● **RECORDS**:

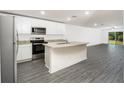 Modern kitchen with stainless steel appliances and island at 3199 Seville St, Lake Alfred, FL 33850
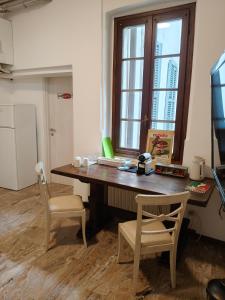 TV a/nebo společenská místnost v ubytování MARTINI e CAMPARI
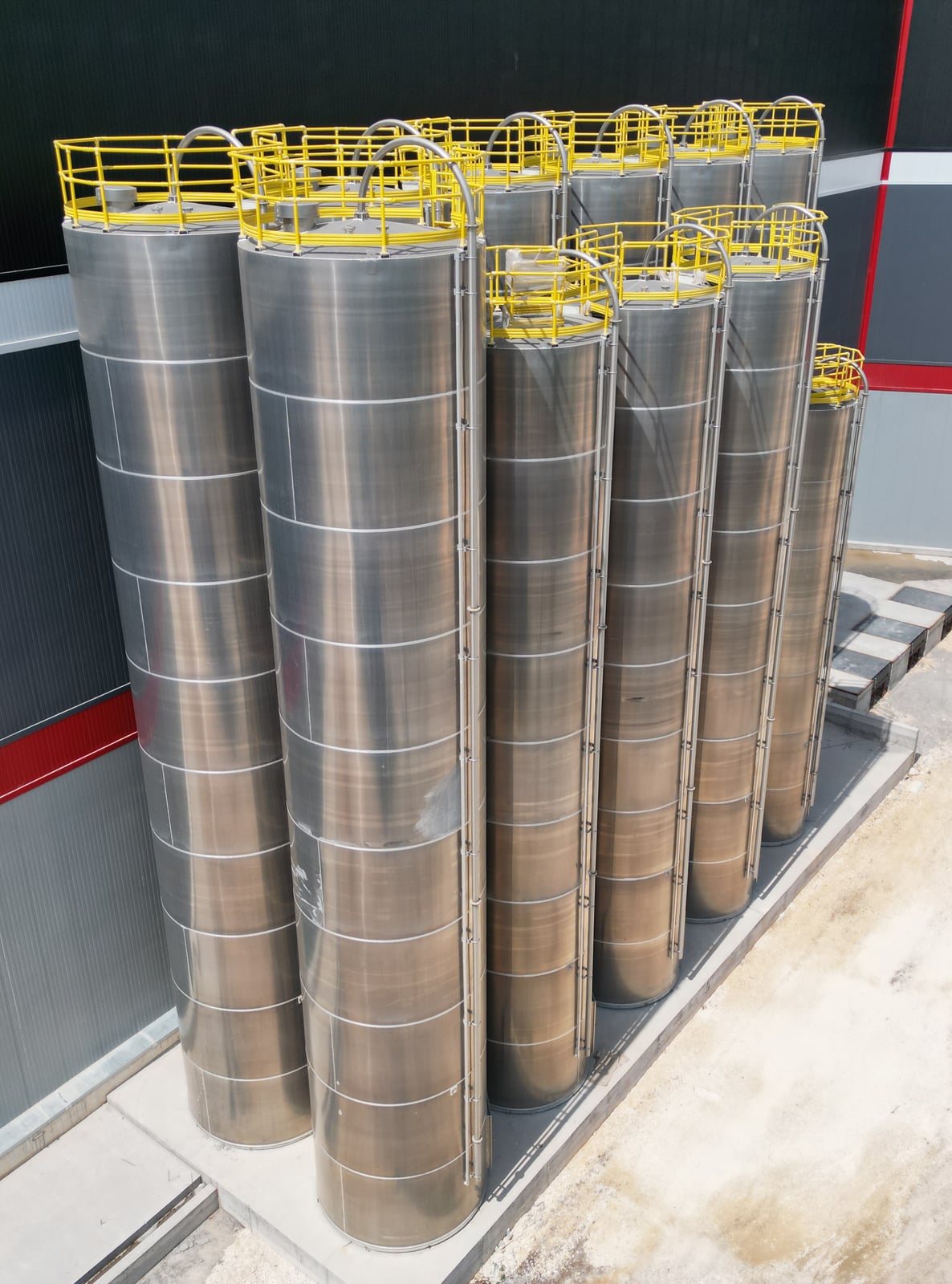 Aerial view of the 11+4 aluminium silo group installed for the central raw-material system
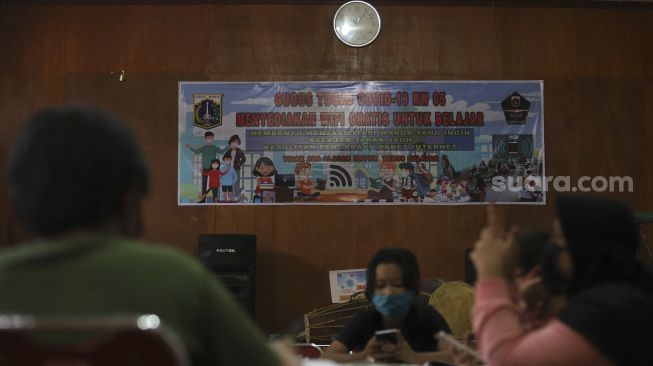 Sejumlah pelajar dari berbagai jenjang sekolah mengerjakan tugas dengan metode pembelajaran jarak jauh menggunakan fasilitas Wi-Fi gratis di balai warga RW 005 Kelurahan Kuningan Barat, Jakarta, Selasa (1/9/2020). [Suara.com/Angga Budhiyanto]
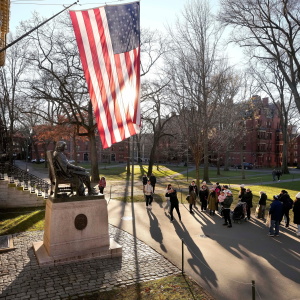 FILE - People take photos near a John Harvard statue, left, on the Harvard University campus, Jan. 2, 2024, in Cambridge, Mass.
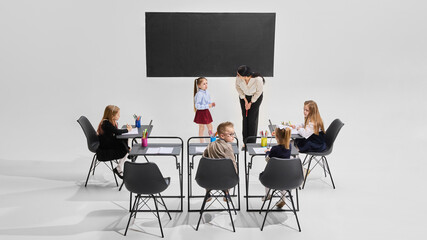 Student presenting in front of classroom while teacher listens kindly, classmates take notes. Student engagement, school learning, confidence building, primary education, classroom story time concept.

● **TASK BRIEF**: Without changing a word, transcribe all of the data and omit its images.

● **FINAL ANSWER**:
 Modern kitchen with stainless steel appliances and island at 3199 Seville St, Lake Alfred, FL 33850
 TV a/nebo společenská místnost v ubytování MARTINI e CAMPARI
 Aerial view of the 11+4 aluminium silo group installed for the central raw-material system
 Sejumlah pelajar dari berbagai jenjang sekolah mengerjakan tugas dengan metode pembelajaran jarak jauh menggunakan fasilitas Wi-Fi gratis di balai warga RW 005 Kelurahan Kuningan Barat, Jakarta, Selasa (1/9/2020). [Suara.com/Angga Budhiyanto]
 FILE - People take photos near a John Harvard statue, left, on the Harvard University campus, Jan. 2, 2024, in Cambridge, Mass.
 Student presenting in front of classroom while teacher listens kindly, classmates take notes. Student engagement, school learning, confidence building, primary education, classroom story time concept.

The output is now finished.